To further investigate the multidrug resistance of ARGs, we denoted ARGs that could confer resistance to five or more antibiotic drug types as multidrug-resistant genes (MRGs) (Supplementary Table 7). A total of 21 species from rSGBs were found that carried 41 MRGs, of which 12 MRGs were significantly enriched in the CRC group (Supplementary Figure 7). In the plasmid-sourced ARGs, three MRGs were found (acrB, E. coli acrR mutation, and E. coli acrA) enriched in the CRC group. All these MRGs enriched in the CRC group were derived from E. coli and K. pneumoniae (Figures 5B, 6A). Meanwhile, compared with the CTR group, the rSGB-sourced MRG abundance in E. coli was significantly higher in the CRC group (Figure 6B). These MRGs could confer resistance to 19 types of antibiotic drugs, which included fluoroquinolones, cephalosporins, tetracyclines, penams, phenicol antibiotics, and rifamycins (Figures 5B, 6A). Among these MRGs, mdtM could confer resistance to 15 types of antibiotics, where both E. coli marR mutant and K. pneumoniae KpnE could confer resistance to 12 types of antibiotics, and H-NS conferred resistance to 9 types of antibiotics (Figure 6A). The intergroup difference of MAGs was completely confirmed in the PRJEB7774 and PRJEB12449 cohorts, respectively (Supplementary Figure 8). This finding showed that the abundance of MRGs and species with MARs was enriched in the CRC group, which suggested that the increase in MRG abundance was also associated with the CRC. Findings thus far indicated that the CRC group had a higher antibiotic resistance burden and had resistance to multiple antibiotics.

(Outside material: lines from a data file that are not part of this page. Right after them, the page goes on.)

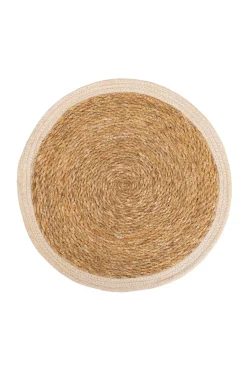 Kerridge Jute Round White Border Placemat 400x400mm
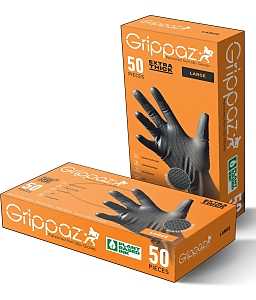 Grippaz G21091-XL50 Gloves, XL, Nitrile, Black, 4-1/4 in L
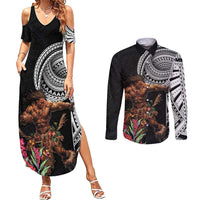 Samoan Warrior Art Tattoo Couples Matching Summer Maxi Dress and Long Sleeve Button Shirt Polynesian Pattern and Teuila LT03 Black - Polynesian Pride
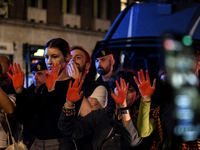 Citizens and activists gather to participate in a rally to support Palestinians in front of the US embassy in Rome, Italy, on October 25, 20...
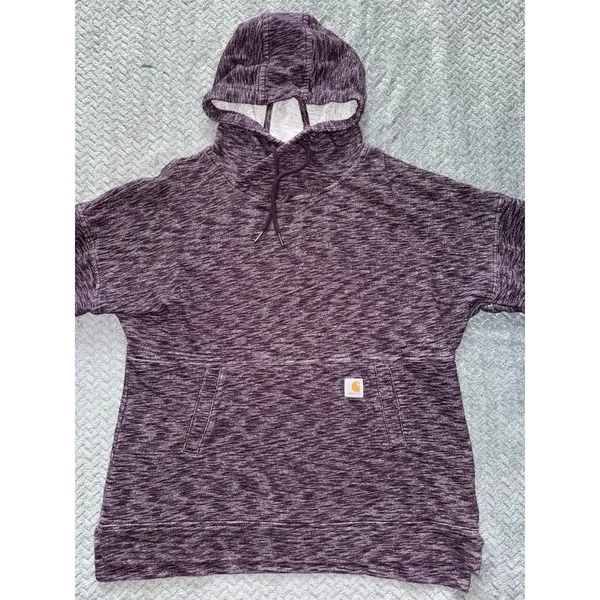 Carhartt Womens Hooded Newberry Maroon Pullover‎ Sweatshirt Relaxed Size Medium - Image 2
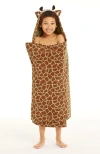 Lands' End Kids Cotton Hooded Towel In Giraffe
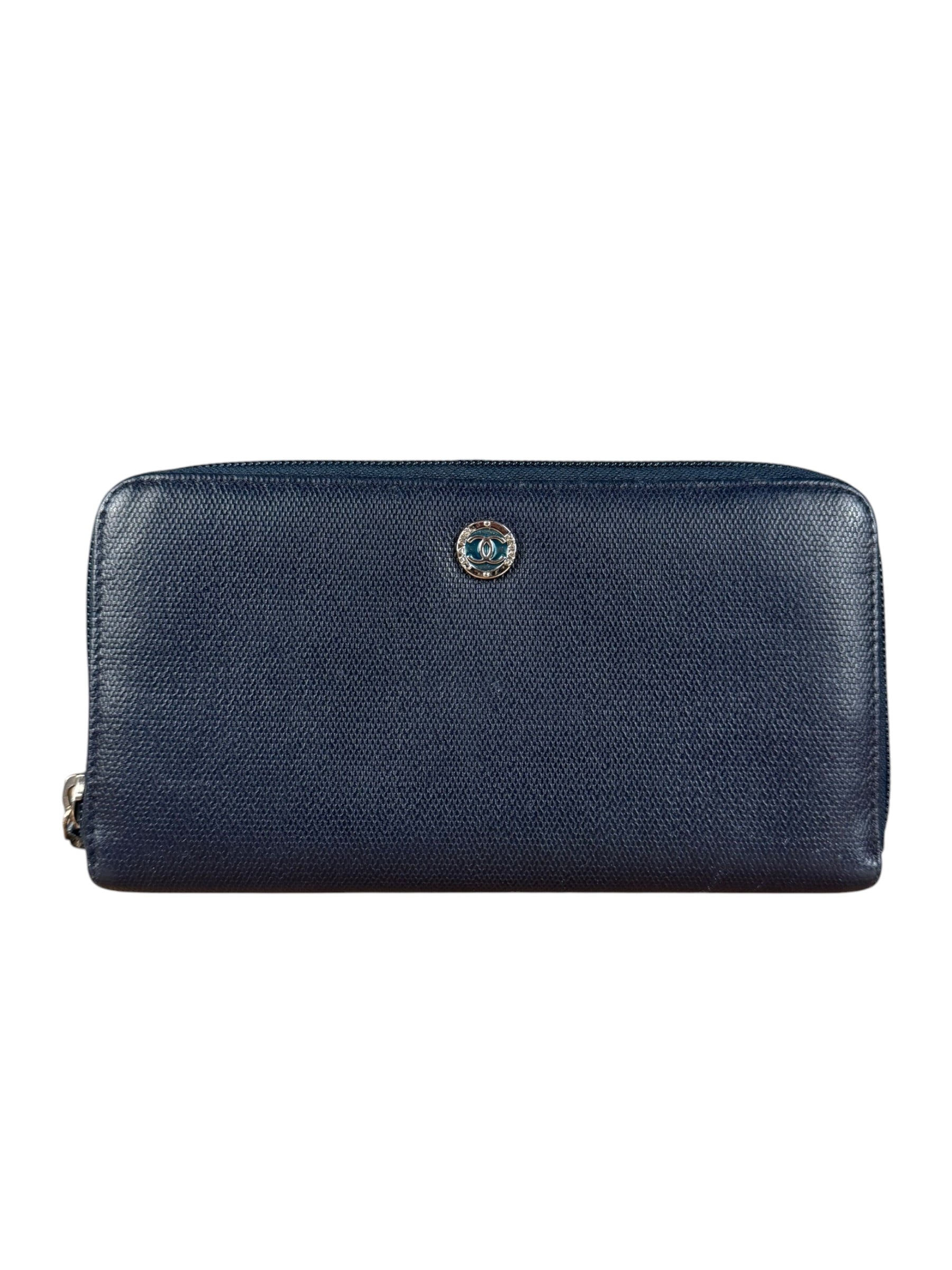 Chanel Navy Blue Long Zip Wallet
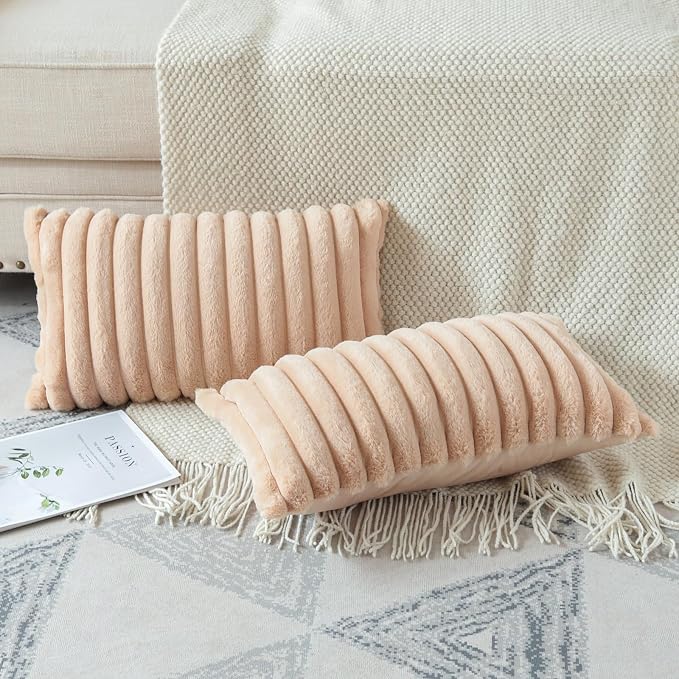 Soleebee Set of 2 Throw Pillow Covers Soft Cozy Velvet Pillowcase Faux Rabbit Fur Cover for Couch Sofa Bed Chair Home Decorative Pillows Cover (12x20 Inch, Camel)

Figure 6. MRG distribution in the CRC and CTR groups. (A) Distribution, resistance drug types, and resistance mechanism of MRGs in CRC (yellow color) and CTR (blue color) groups. The left Sankey showed the source percentage of MARs. The middle heatmap exhibited the drug resistance type and mechanism of MARs. The blue color denoted MAR had that characteristic. The right boxplot showed the abundance of MARs. (B) MRGs in Escherichia coli (SGB_285) were enriched in the CRC groups significantly. The following symbols denoted statistical significance: ***p < 0.001, ****p < 0.0001.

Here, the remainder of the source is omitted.